Begin at the line containing "Used Audi A4L" in the data below and go on through the line containing "BMW 4 Series view 8", repeating each line exactly; include both ends and no other line.

Extracted data START

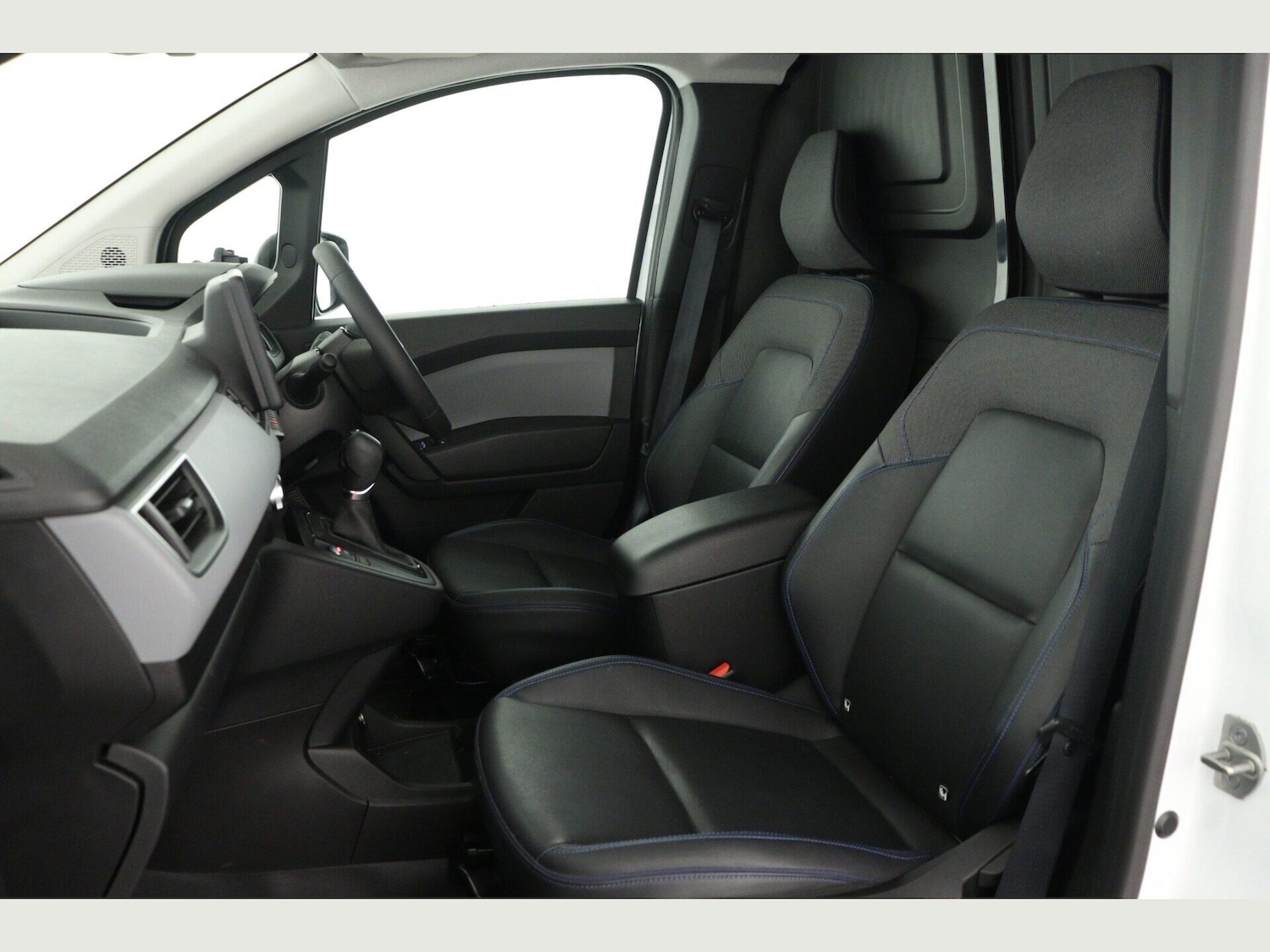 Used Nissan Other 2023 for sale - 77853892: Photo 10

Extracted data END
Extracted data START

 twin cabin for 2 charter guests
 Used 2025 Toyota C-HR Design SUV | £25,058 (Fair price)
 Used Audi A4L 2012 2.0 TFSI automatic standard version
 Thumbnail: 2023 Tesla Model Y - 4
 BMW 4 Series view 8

Extracted data END

**Answer area**
 Used Audi A4L 2012 2.0 TFSI automatic standard version
 Thumbnail: 2023 Tesla Model Y - 4
 BMW 4 Series view 8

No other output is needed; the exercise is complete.